Le testimonianze stesse che hanno preceduto l’intervento del Vescovo hanno sottolineato come è stato possibile per i professionisti e per i pazienti vedere un’opportunità e una speranza anche durante la fase emergenziale più acuta.

Giovanni racconta la sua esperienza da ex malato Covid: molti giorni di ricovero e ora solo una grande gratitudine nei confronti di tutti. La paura ha lasciato il posto alla serenità dopo qualche giorno grazie alle cure ricevute, al lento miglioramento e soprattutto alla fede. Il paziente, infatti, ha potuto trovare una parola di conforto e di speranza negli incontri con i sacerdoti che potevano entrare in reparto.

Poi un’infermiera, Roberta Benatti, che ricorda la prima ondata e la sua disponibilità a trasferirsi dalla Pediatria – reparto in cui normalmente lavora – alla Terapia Sub Intensiva Respiratoria della Pneumologia. “Gli sguardi smarriti delle persone li raccoglievo e ogni giorno li affidavo al Signore perché in quelle circostanze ho sentito nel profondo, che il mio aiuto era poca cosa e che siamo tutti mendicanti di aiuto e di salvezza. – racconta – È maturato più forte di prima la consapevolezza che la scienza e la medicina, pur nel progresso, non possono tutto. L’uomo non è onnipotente.”

Vanni Galavotti, pneumologo in prima linea, racconta della dimissione di una paziente guarita che ringraziando afferma che, oltre alle medicine, ciò che è servito di più è stato il contatto morale e umano. “Per questa signora le notti erano lunghissime, piene di solitudine e paure – ricorda il medico – ma nel mattino c’era la speranza: arrivavano gli infermieri e i medici con cui poteva parlare.
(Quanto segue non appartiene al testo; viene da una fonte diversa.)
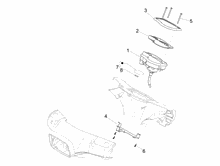 Tablero de instrumentos - Cruscotto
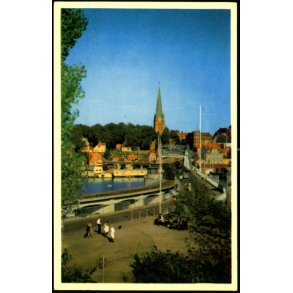 S�nderborg - Christian d. X Bro - Stender 4 - Ubrugt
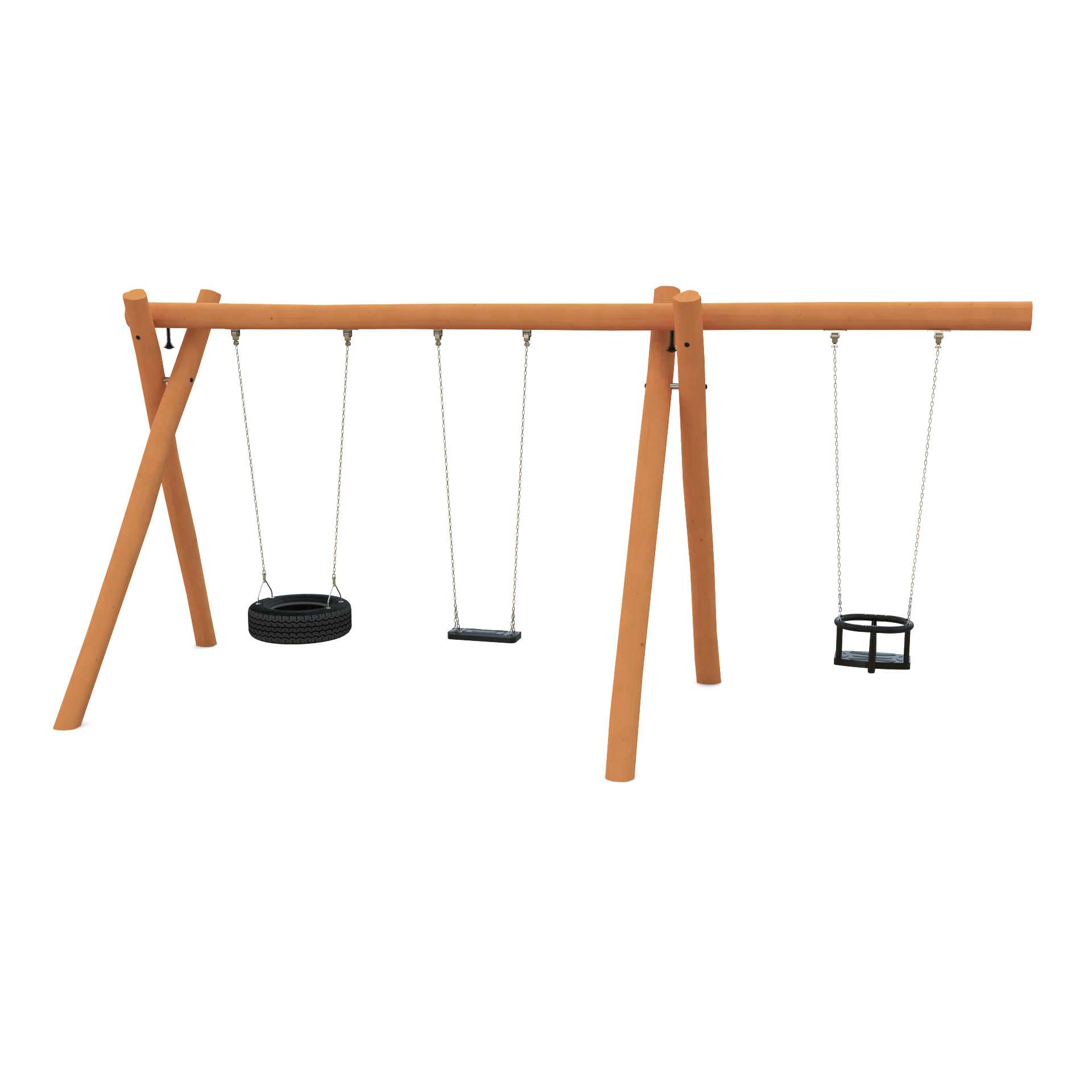 Robinia Spesialhuske Dekk, Standard, Baby - 3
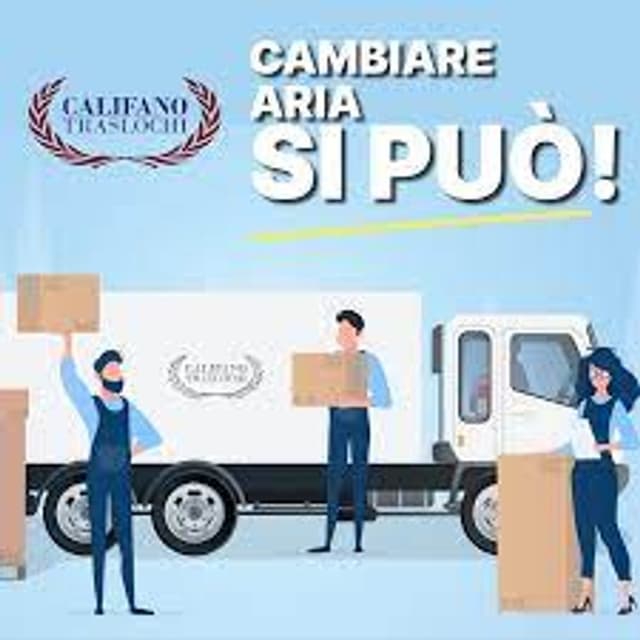Califano Traslochi - Immagine 1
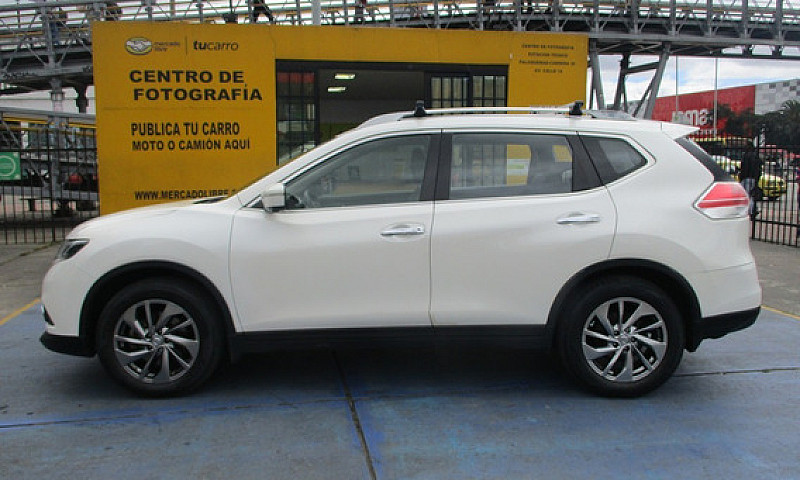 Nissan X-Trail Exclu...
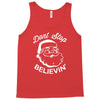 don't stop believing Tank Top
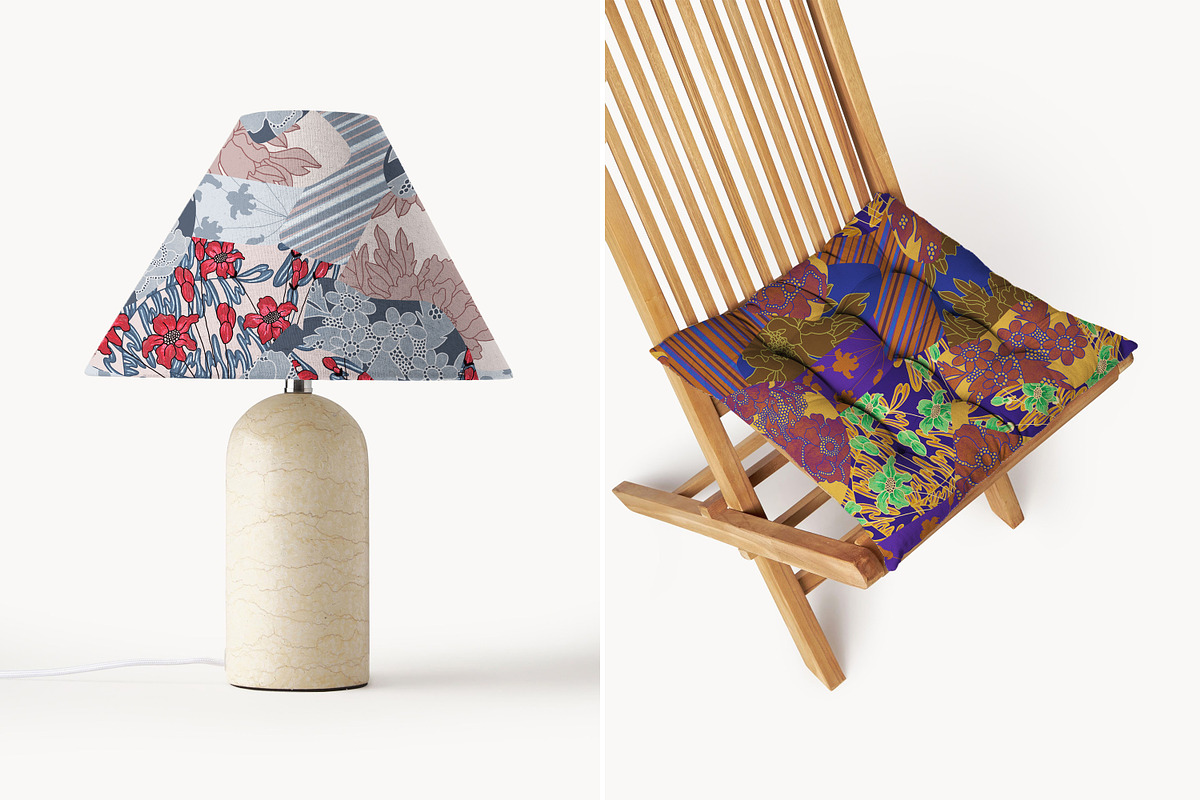 Exotic Textures, a Pattern Graphic by Andre_Eva (Photo 3 of 8)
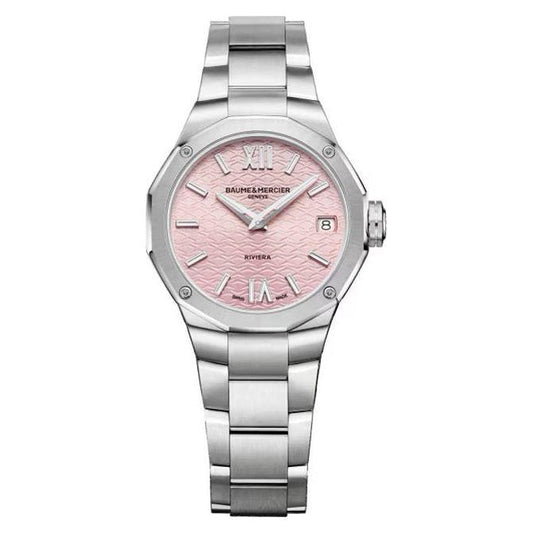BAUME & MERCIER Mod. RIVIERA MOA10812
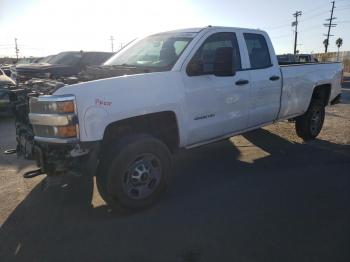  Salvage Chevrolet Ck Series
Queste persone hanno fatto l’esperienza che ha fatto Gesù nel Getsemani la notte prima di morire: ha vissuto il senso dell’abbandono, della solitudine e l’angoscia della morte”.

L’altra storia che racconta Galavotti è quella di una signora con una quadro clinico complicato. Non ce l’ha fatta. “Dottore, si ricordi che la morte e la sofferenza non hanno l’ultima parola” – afferma prima di morire.

Fondamentale è stata la coesione delle equipe che hanno lavorato tutte insieme, instancabilmente. Questo è ciò che ha sottolineato Riccardo Bertoletti, direttore sanitario di ASST Mantova.  “Riusciremo a difendere tutti? Pazienti e operatori? Questa era l’angoscia della prima ondata. – ricorda Bertoletti – In questo clima di ansia si riusciva a scoprire una capacità di risposta di tutti i nostri operatori, tutti che collaboravano e si aiutavano in maniera indescrivibile. Una concretizzazione della parola fratellanza che in ospedale non avevamo mai visto tra operatori”.

Lo conferma in Direttore Generale, Raffaello Stradoni: “Tutti i nostri professionisti stanno dando il massimo. Un augurio anche ai nostri pazienti perché questo periodo presto finisca e perché possiamo ritrovarci a condividere le esperienze o l’anno prossimo questo luogo sacro possa accoglierci tutti insieme per la comunione”.